Contemporary kitchen garden design is more casual and more personal. It borrows features common to healing gardens (raised beds, walkways), meditation gardens (twisting and turning trails, statuary or fountains) and outdoor rooms (trees, benches and hedged borders).
"I like to incorporate some history into the kitchen gardens I design for my clients — history involving family and memories," said Jennifer Bartley (http://americanpotager.typepad.com/american_potager/), a landscape architect from Granville, Ohio, and author of "Designing the New Kitchen Garden: An American Potager Handbook."
Bartley uses the formal potager outside her window as a "tasting garden a little of everything to snack on through the season.
"I use it to eat from daily," she said. "I also use it to entertain. After guests arrive, I'll send them out into the garden to make some impromptu salads before they get comfortable around the table."
Potager pointers
Here are some tips to make your creative gardening endeavors more palatable:
• Follow the sun. Vegetables need their day in the sun, or at least six to eight hours worth, if they're to produce the best yields. But showier varieties deserve visibility, too. Place them near the kitchen door for convenience; yet also position them where they can be enjoyed from the windows.
• Plan small and then plant smaller. We're talking about using a heavy mix of perennials here, things like asparagus, rhubarb, horseradish, chives, strawberries, fruiting shrubs and trees. Find varieties that are at the same time attractive and flavorful.
"Start with a 10-foot by 10-foot section. You always can add to it later. Then grow just the things you enjoy or can't get at the farmer's market or grocery like luxury herbs and fancy, tender little greens," says Ogden, the co-founder of "The Cook's Garden" seed catalog.
• Skip the bigger plants, like sweet corn. They not only take up a lot of room but they rob the soil of nutrients. Salad greens or tomatoes provide more nutritional value for the space, Ogden says.
• Succession planting. Get a second crop into the ground immediately after harvesting the first. Depending upon your climate and the maturity dates of your plants, a compact ornamental kitchen garden can be good for as many as three crops per growing season. Speed things along by using seed sown in peat pots. That way, they'll be ready to drop into the ground after the cool weather plants (beets, cabbage, radishes, mustard and spinach) are done.
• Border plants. If you prefer a living barrier to stone walls, then choose a hardy ornamental shrub that will flower, fruit and produce a colorful background when viewed from within or without.

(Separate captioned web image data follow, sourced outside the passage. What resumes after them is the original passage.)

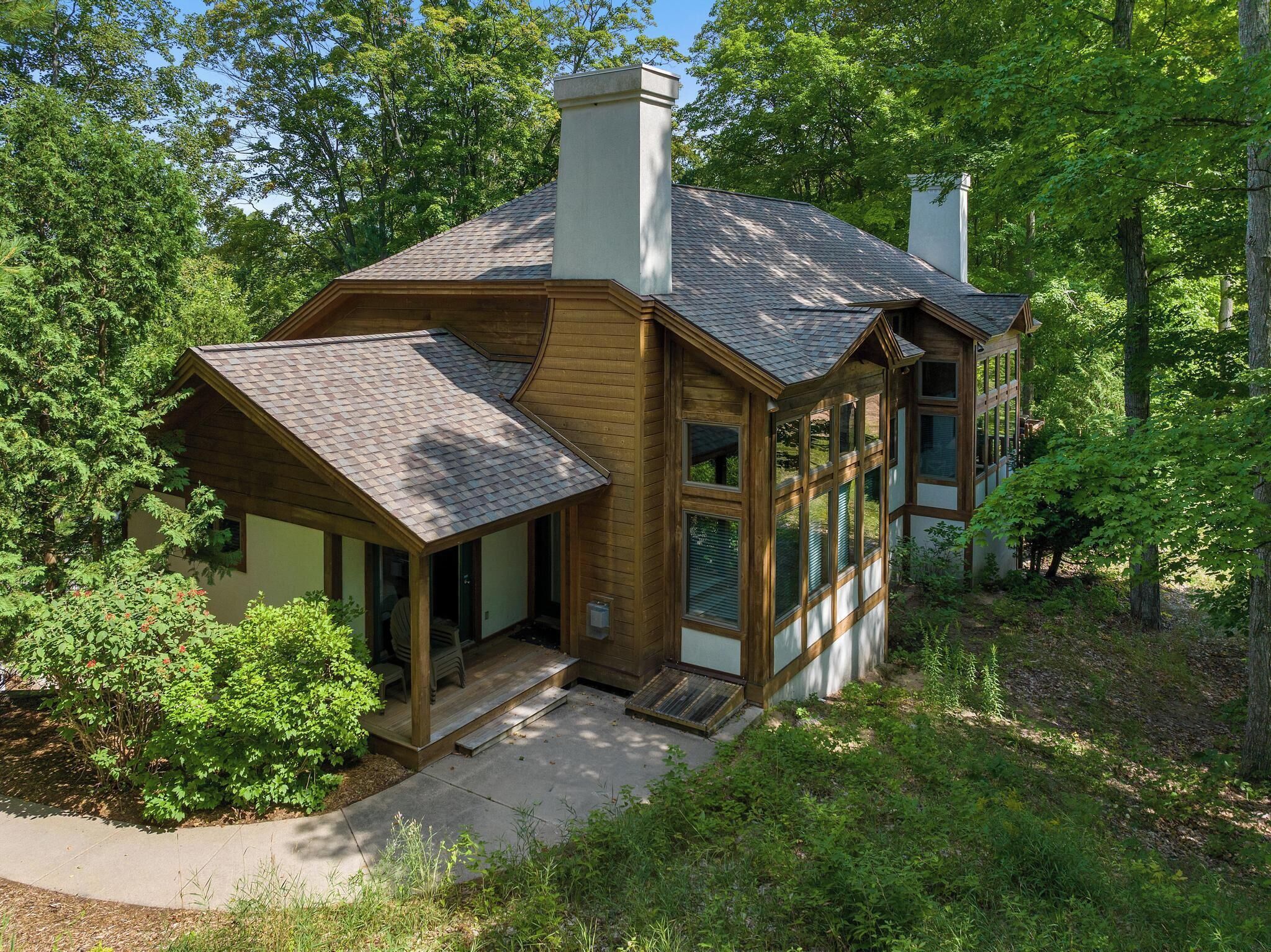 Ein zweistöckiges Holzhaus mit einer Veranda, großen Fenstern und einem Schornstein.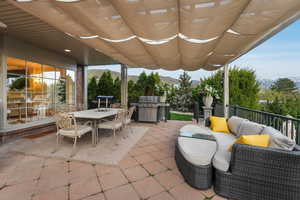 Entertaining patio featuring grilling area, a mountain view, outdoor dining space, and seating area.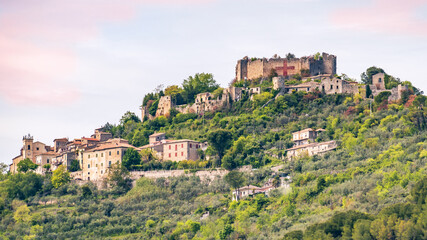 Fototapeta na wymiar Vicalvi village with the ruins of the 11th century Lombard castle on top of the hill located amid the Italian Apennine mountains of the south-east Lazio region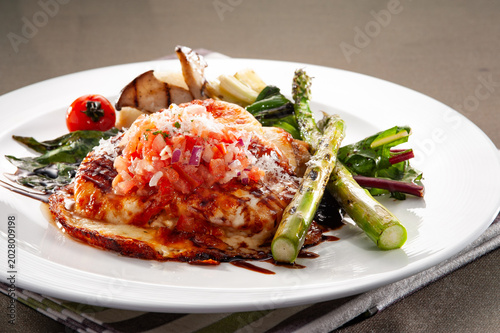 Bild auf Leinwand Baked chicken breast parmigiana with melted mozzarella cheese and tomato sauce,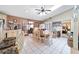 Open-concept kitchen flowing into a dining area, featuring tile flooring and natural light at 10575 Sw 27Th Ave, Ocala, FL 34476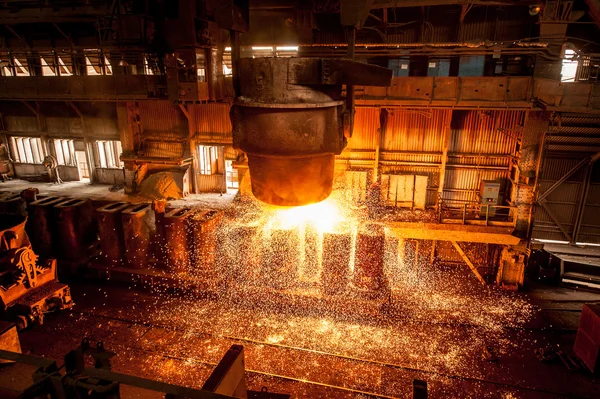 Steel mill with molten metal pouring operations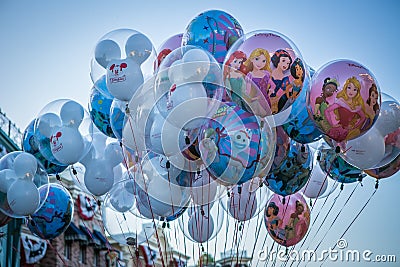 A flight of balloons hovering over Main Street USA, Disneyland Editorial Stock Photo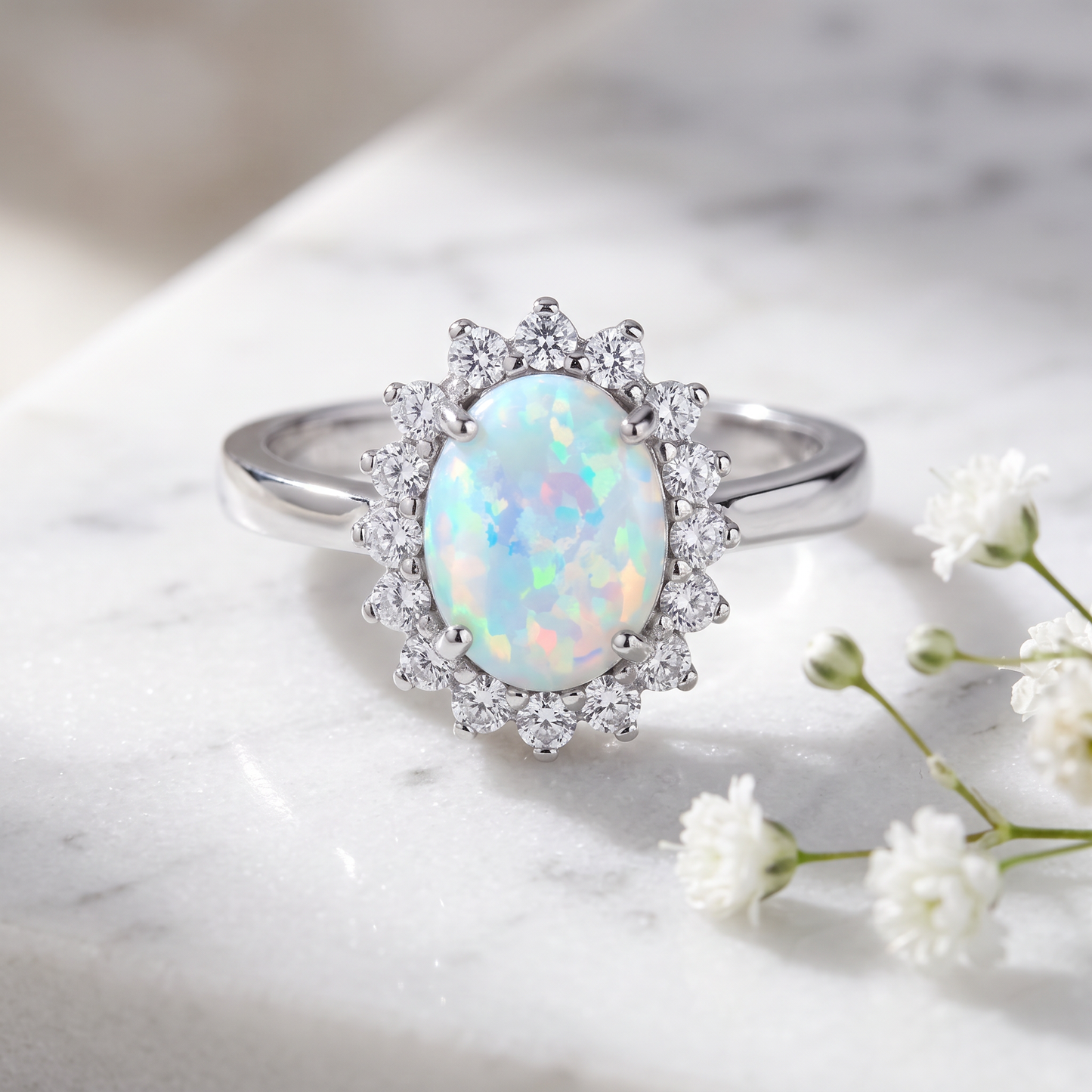 Sterling Silver Oval White Lab Opal CZ Ring on marble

• Lay off the chemicals if you intend to nibble on the blooms. You'll be washing them, of course, but gently if you want to deliver them intact to the table. Better that you grow such things organically to make them even more food-safe.
• Some edibles taste fresher and last longer when picked than others. But you can enhance those flavors by harvesting in the cool of the morning. Keep the clipped edibles crisp by covering them with a cool, wetted towel.
• If you're starved for room, then plant deep and grow things up as well as out. Use vining plants like grapes, beans and squashes.